Pour Robert Dussey, le ministre togolais des Affaires étrangères, "il faut changer de mentalité". "Que les Européens nous respectent, et que les Africains tiennent leurs engagements", résume-t-il. Pour construire un nouveau partenariat, mieux vaudrait donc changer de logiciel… Dans les couloirs, des délégués africains se sont montrés intransigeants sur les habituels points de crispation. Le réchauffement climatique, par exemple. "Que ceux qui polluent la planète prennent leurs responsabilités", s’insurge un diplomate burkinabè. Autre source de tensions : la protection des minorités, notamment sexuelles. "Nos Parlements n’accepteront pas de voter des lois qui sont contraires à nos réalités", prévient Charles Koffi Diby, le ministre ivoirien des Affaires étrangères. Résultat, la question ultrasensible des droits des homosexuels n’a pas été évoquée dans la déclaration finale. Le paragraphe portant sur la lutte contre l’impunité a lui aussi été âprement discuté. Les Africains, qui contestent le fonctionnement de la Cour pénale internationale, veulent redéfinir le principe de compétence universelle. Ce dialogue aura lieu "dans les instances convenues entre les deux parties" – lesquelles restent manifestement à définir.

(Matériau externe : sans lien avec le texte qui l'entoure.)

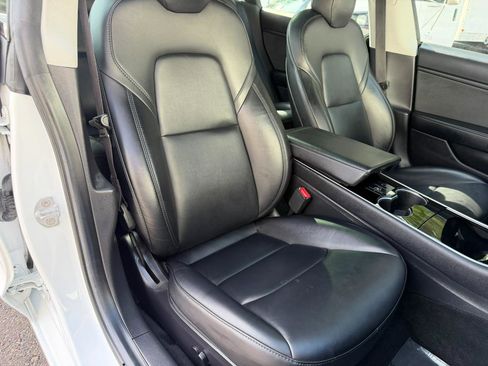 Used 2019 Tesla Model 3 Mid Range RWD image 39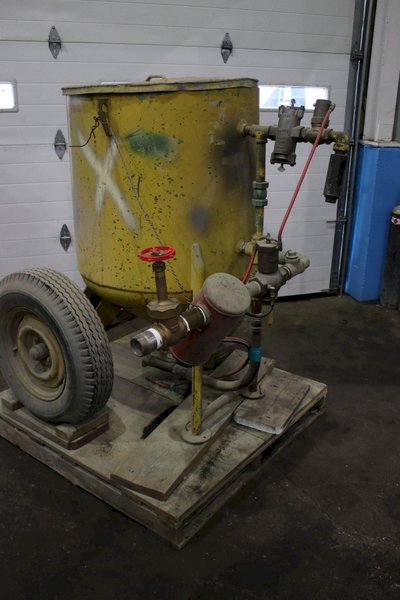 CLEMCO BLAST CLEANING MACHINE: STOCK #76240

Deux continents, deux partenaires

"Il faut définitivement briser la glace entre l’Afrique et l’Europe." Cette formule, utilisée lors de sa présentation par Charles M. Mbire, le président de l’opérateur de télécommunications MTN en Ouganda, résume à elle seule l’objectif du cinquième Forum des affaires UE-Afrique, organisé les 31 mars et 1er avril à Bruxelles. Dans cette optique, les secteurs privés des deux continents "sont appelés à jouer un rôle de premier plan", a rappelé Nkosazana Dlamini-Zuma. "Il faut pour cela changer la perception du risque en Afrique", a insisté la présidente de la Commission de l’Union africaine lors de son discours d’ouverture, devant plus de 500 responsables économiques des deux continents. Ce que se sont évertués à faire les pays africains auprès des investisseurs européens présents. Une véritable opération séduction, destinée à stimuler l’injection de capitaux étrangers dans l’économie africaine tout en renforçant les échanges commerciaux, au moment même où l’accord de partenariat économique (APE) négocié en février entre l’UE et la Cedeao vient d’être remis en question par le Nigeria.